Space luminaries such as Elon Musk and Jeff Bezos have talked about building bases on the Moon to let humans live, work and play on the lunar surface.
A new discovery, however, may bring that dream to reality sooner than realized.
The Japan Aerospace Exploration Agency (JAXA) has discovered an enormous cave under the lunar surface, something it calls a "very significant" discovery, due to its value for both science and human expansion into space.
The discovery was made by Japan’s Selenological and Engineering Explorer (Selene) probe and shows a 50 kilometer (31 miles) "lava tube" underground, alongside a lava flow river "rille" on the Marius Hills of the Moon. JAXA used radio waves to confirm the existence of the cave after examining the hole.
Benefits of the cave
In a press release detailing the findings, JAXA outlined the reasons why the so-called lava tubes, which it believes were formed by volcanic activity on the Moon, are ideal for lunar bases. "Lava tubes may be the best place to build large-scale lunar bases because their interiors protect from dangerous space radiation, micrometeorite bombardment, and wide temperature oscillations," the space agency wrote.
The underground area is approximately 310 miles long and 100 meters (328 feet) wide and may contain rocks filled with either water or ice. The cave has been given the nickname of Kaguya, a moon princess in a Japanese fairytale.
“We’ve known about these locations that were thought to be lava tubes … but their existence has not been confirmed until now,” Junichi Haruyama, a researcher at the Japan Aerospace Exploration Agency, told AFP on Thursday in comments obtained by The Guardian.
Haruyama, along with several others, is a co-author of the study.
A cave could shield humans from having to deal with the extreme temperatures on the Moon, due to its lack of atmosphere. During the day, temperatures can reach around 100 degrees Celsius (212 degrees Fahrenheit) and at night can reach as low as minus 173 degrees Celsius (minus 279.4 degrees Fahrenheit), according to Space.com.

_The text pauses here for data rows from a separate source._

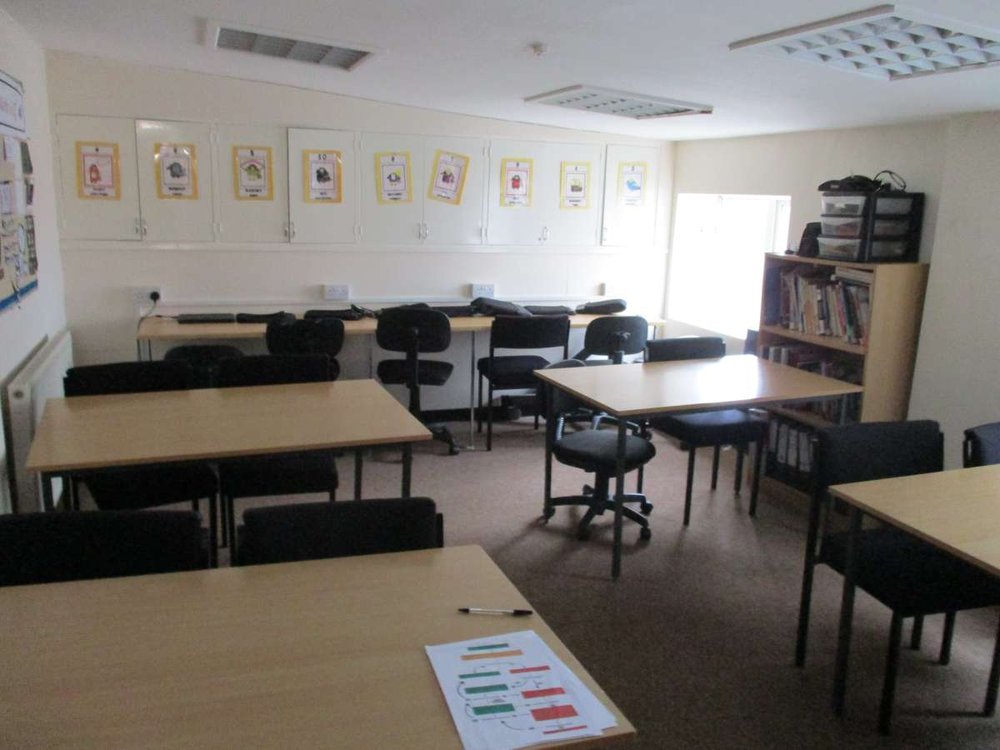 Retail/Shop in Retford - photo 2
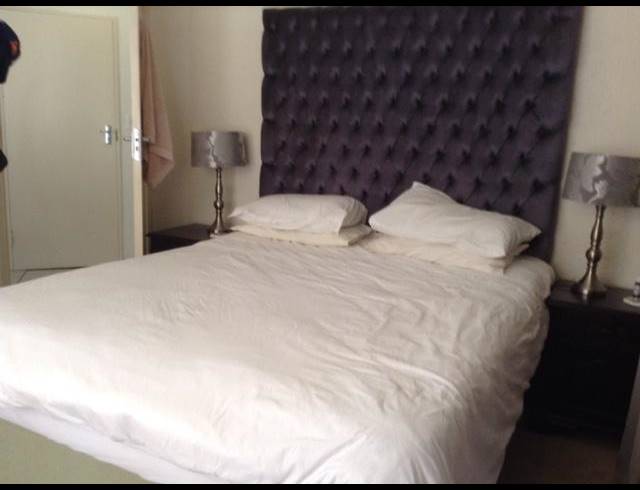 2 BEDROOM PROPERTY TO RENT IN SANDOWN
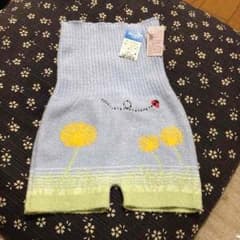 腹巻きパンツ？おパンツも追加です。のサムネイル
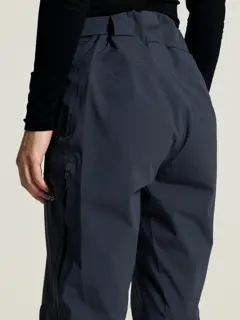 Bild på Escape 3L Shell Pants W
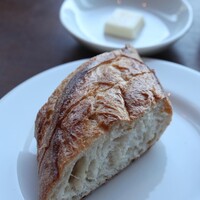 ユニオン スクエア トウキョウ - 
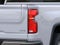 2026 Chevrolet Silverado 2500 HD Crew Cab Standard Box 4-Wheel Drive LTZ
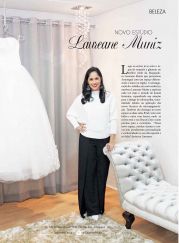 Edição 55º Julho 2018 | Página 18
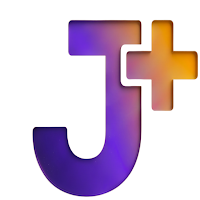 JitPlus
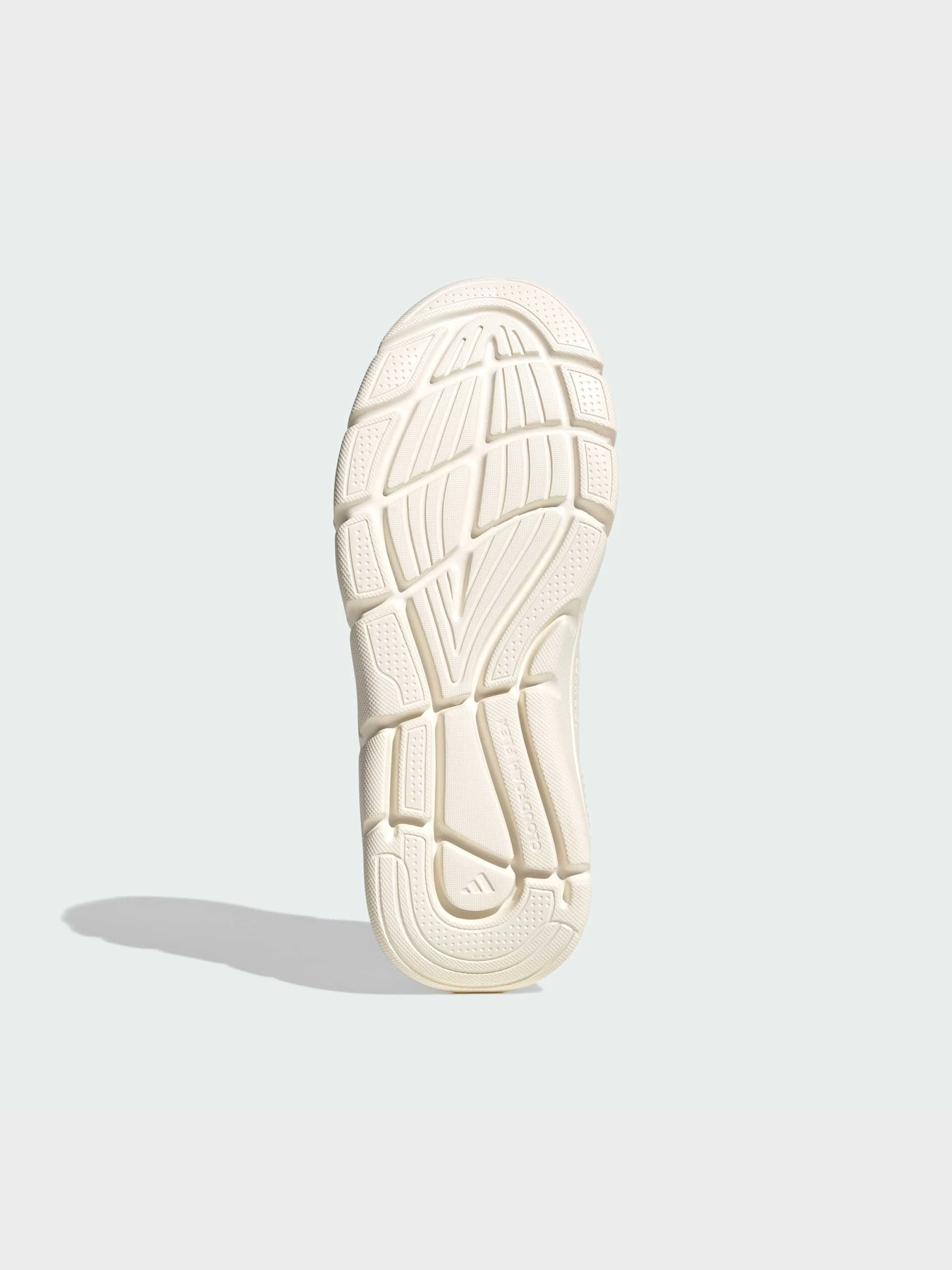 Кроссовки Adidas модель HQ4967 Фото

The volcanic activity, which is thought to have occurred between 3 and 4 billion years, gave the Moon a temporary atmosphere, however.
Space race is on
The study's co-authors said that their work is just beginning as the search for lunar caves continues. They will look at other regions of the Moon for additional underground lava tubes for "future exploration of lava tubes or lunar base construction."
Plans for human colonization of the Moon have heated up in recent months, with the likes of Musk and Bezos detailing plans for how their respective companies, SpaceX and Blue Origin will achieve the feat.
In May, Bezos said self-driving technologies, machine vision and other technologies could help rovers build a city on the Moon.
“There, you would want to pre-position a whole bunch of equipment and supplies before the humans show up, and some of those things might need to be assembled on the surface of the moon,” Bezos said in comments obtained by GeekWire. “And that’s the kind of thing that could also be done by advanced robotics with machine-learning systems on board.”
In September, SpaceX's Musk outlined plans for a base on the Moon, codenamed Moon Base Alpha, utilizing the company's BFR (Big F***ing Rocket) spacecraft.